## AIM OF THE EXERCISE
Skip every picture, then write out exactly the lines of the listing below from the line that contains "Nokian Tyres Hakka" through the final line.

## RECORDED DATA

* * *

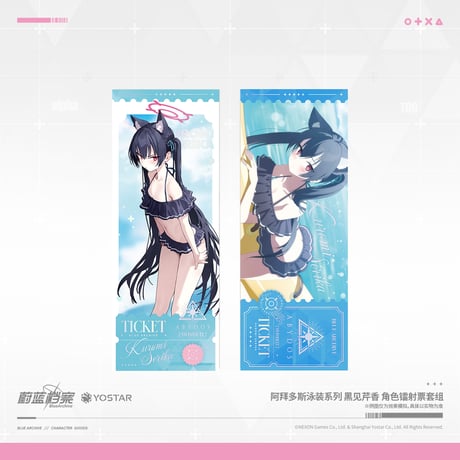 【ブルアカ公式店】2512 セリカ 水着 グッズ（予約160日以内発送）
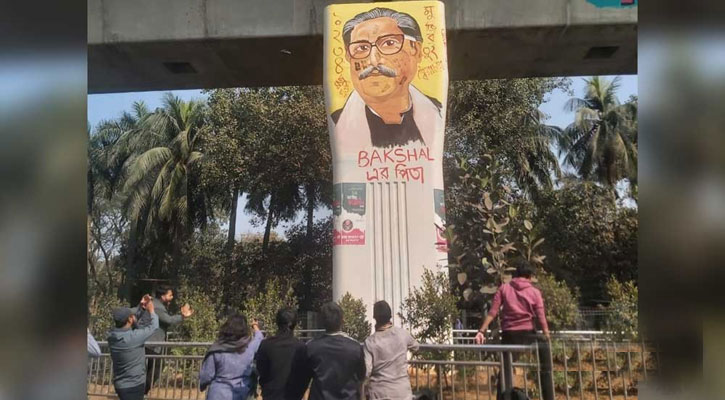ঢাবিতে বঙ্গবন্ধুর প্রতিকৃতিতে ‘জুতা নিক্ষেপ’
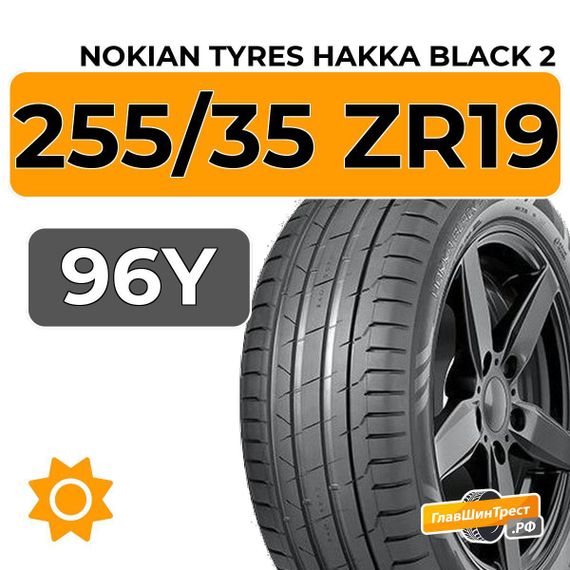 Nokian Tyres Hakka Black 2 255/35 ZR19 96Y XL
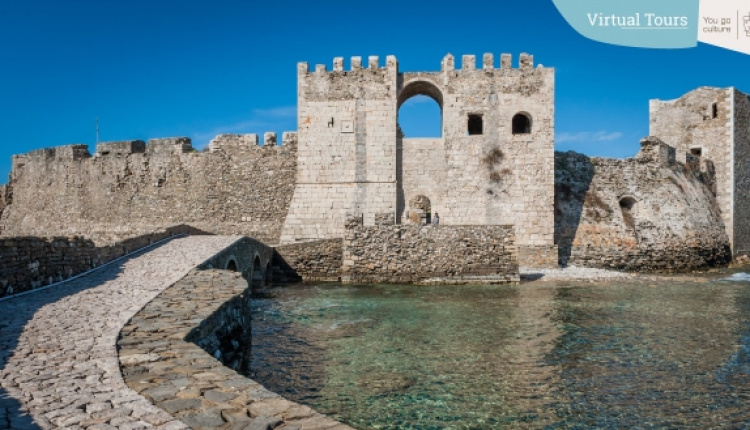 YouGoCulture Platform ~ Born in Greece... Addressed To The World!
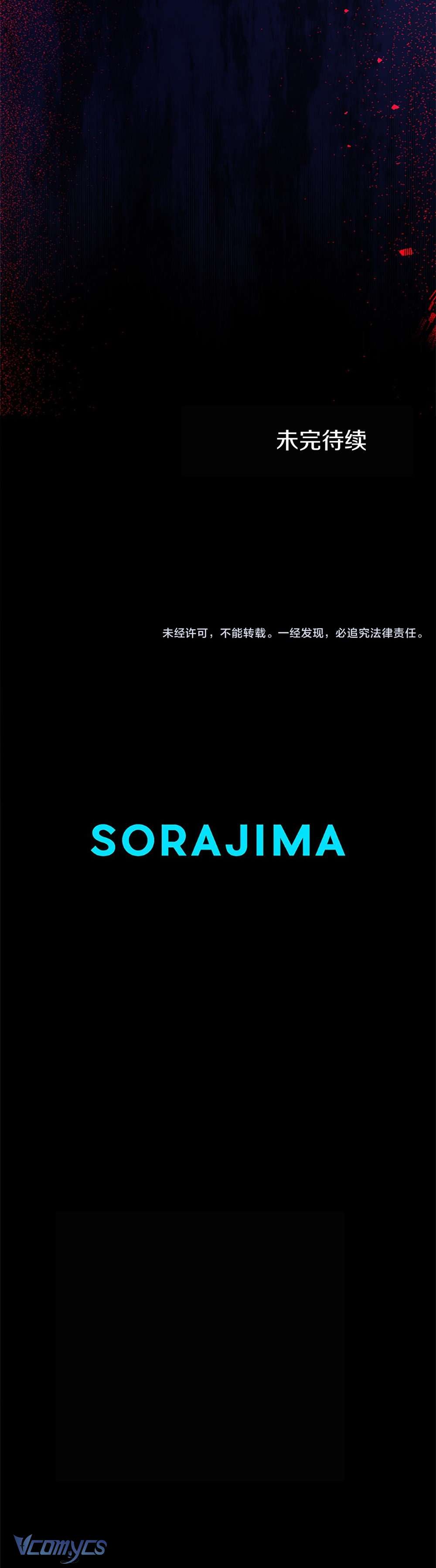 Đại Tiểu Thư Sao Phải Giả Nam Chapter 30 - Next Chapter 31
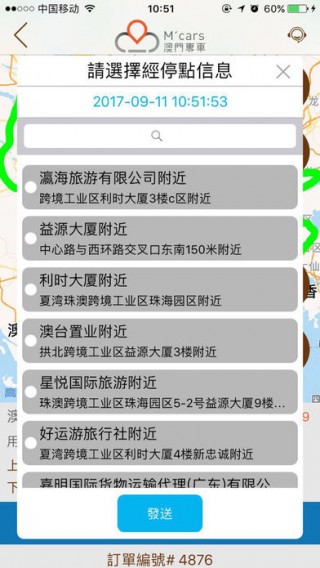 澳门免费公开资料最准的资料,最佳选择解析说明_app74.87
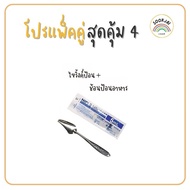 Double Pack Promotion 4 Feeding Spoon + Syringe 5ml For Birds To Increase Convenience In Use.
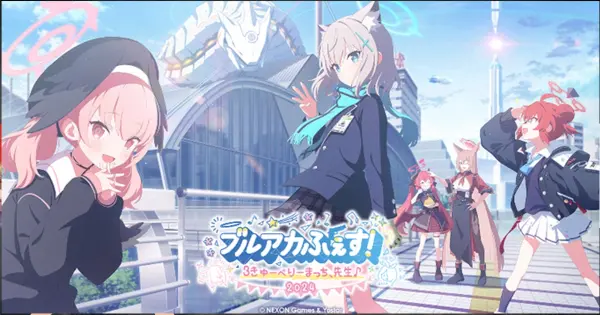 《蔚藍檔案》日版3周年生放送情報 2
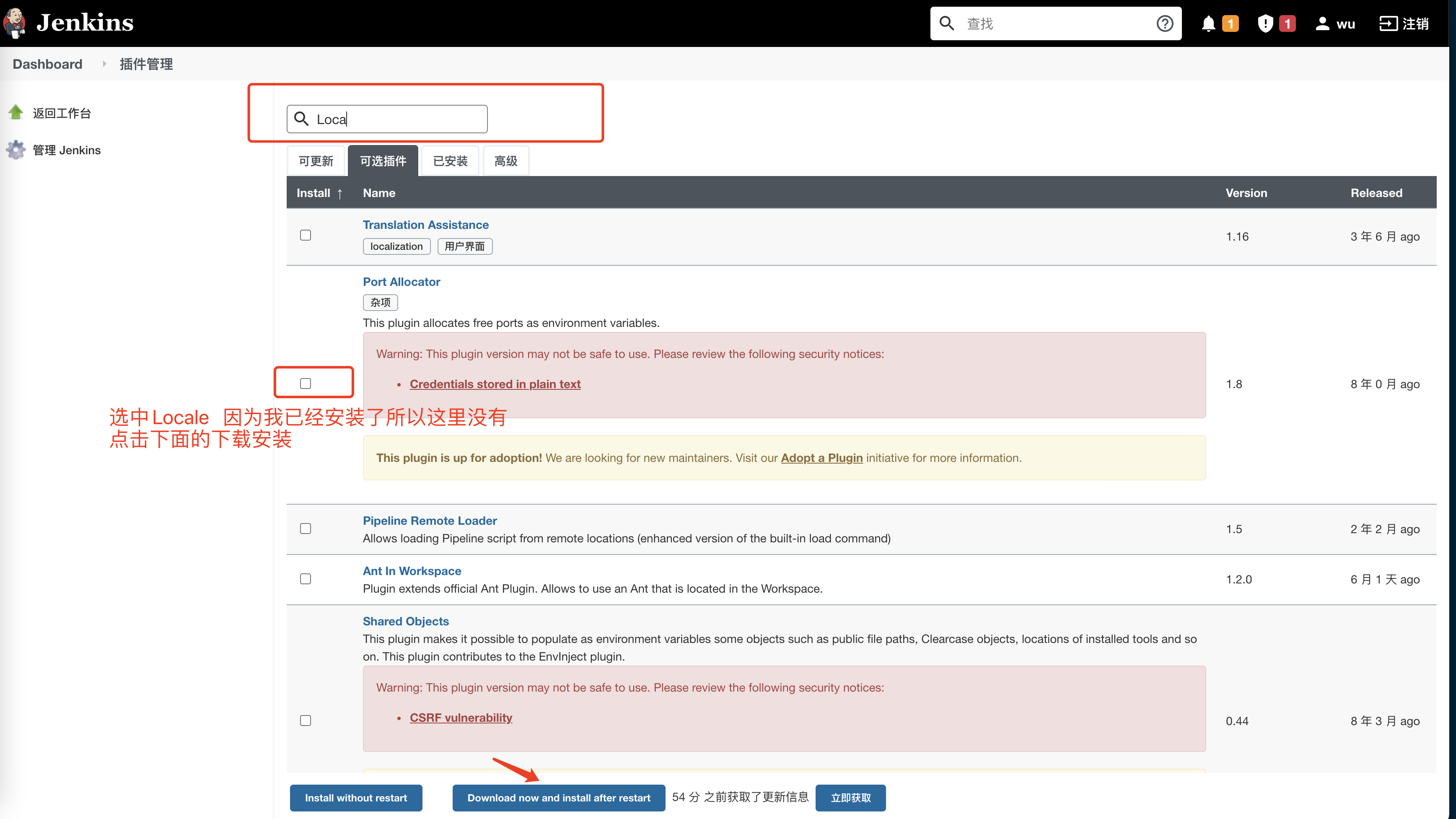 /images/docker-compose/docker-jenkins-9.png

* * *

## RESPONSE TO THIS EXERCISE
 Nokian Tyres Hakka Black 2 255/35 ZR19 96Y XL
 YouGoCulture Platform ~ Born in Greece... Addressed To The World!
 Đại Tiểu Thư Sao Phải Giả Nam Chapter 30 - Next Chapter 31
 澳门免费公开资料最准的资料,最佳选择解析说明_app74.87
 Double Pack Promotion 4 Feeding Spoon + Syringe 5ml For Birds To Increase Convenience In Use.
 《蔚藍檔案》日版3周年生放送情報 2
 /images/docker-compose/docker-jenkins-9.png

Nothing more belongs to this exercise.